Dans sa Lettre à la Terre, Geneviève Azam récuse le traitement de la planète comme un objet à exploiter. Elle explique ici pourquoi elle a voulu s’engager plus personnellement dans la défense de notre demeure commune.
Économiste, membre d’Attac, enseignante, chroniqueuse à Politis, Geneviève Azam a troqué l’écriture à la troisième personne pour le « je ». Elle s’adresse à la Terre – et celle-ci lui répond. Par cet exercice, cet effort philosophique, historique, éthique et même poétique à l’ombre des catastrophes, mais aussi des résistances, elle tente d’atterrir et de « nous » faire atterrir. Selon elle, ce sont nos attachements qui nous engagent, et c’est donc en retrouvant les liens qui libèrent avec notre demeure commune que nous pourrons en prendre soin et refuser activement les destructions à l’œuvre et à venir. (...)
« Notre monde va disparaître par le feu », déclare un chaman brésilien dans mon livre_,_ évoquant pour sa part le feu nucléaire.
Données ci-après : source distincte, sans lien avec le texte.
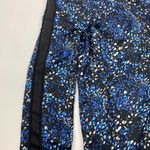 Banana Republic  Long Sleeve Pattern Dress Size 4 Petite Photo 6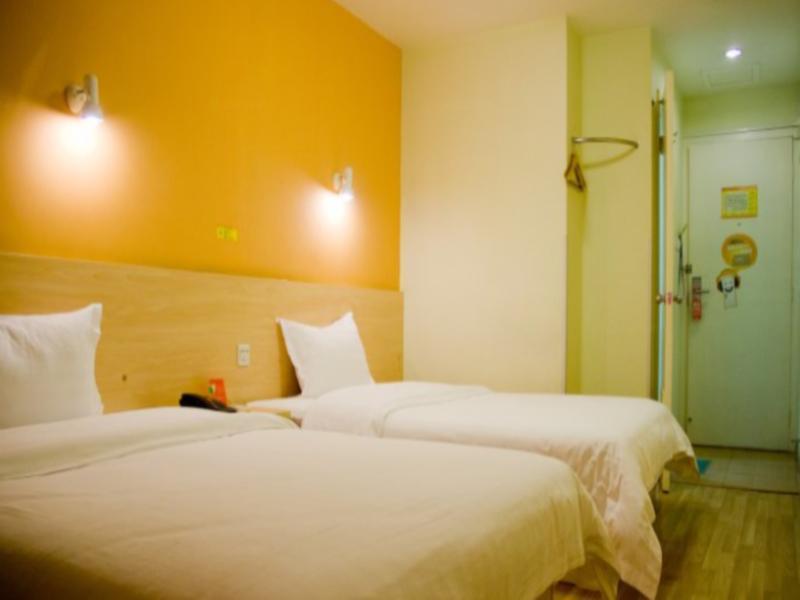 7 Days Inn Canton Esterno foto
On a connu l’an dernier des feux quasi impossibles à maîtriser en Californie et en Suède. Les canicules et feux de forêt ont certes toujours existé. Mais ils revêtent aujourd’hui un caractère systémique en s’étendant à l’ensemble de la planète. Pour la forêt amazonienne, la destruction n’est pas seulement le fait du président Bolsonaro, même s’il a une responsabilité criminelle dans l’amplification présente de la déforestation et des incendies au profit de l’agrobusiness. Si la responsabilité humaine est engagée, elle est différenciée. (...)
Nous ne pouvons plus regarder de manière extérieure ce qui est en train d’arriver : nous y sommes engagés physiquement, psychiquement et collectivement. Une des origines des catastrophes est justement la mise à distance de la Terre, qui depuis des siècles a fait de nous des étrangers sur son sol, des passagers colonisateurs amputés de leur sensibilité. Nous devons incarner notre présence sur la Terre, écouter ses alertes. Ce que font les activistes quand ils disent : « Nous sommes la nature qui se défend. » Cette lettre et l’usage du « je » expriment le retour à une condition de terrestre, que je n’ai pas toujours été. (...)
Nous appartenons à la communauté des vivants, humains et autres qu’humains. J’ai voulu traduire à la fois cette appartenance terrestre et la reconnaissance d’une extériorité qui invite à une quête éthique et esthétique et à une forme de reconnaissance du sacré.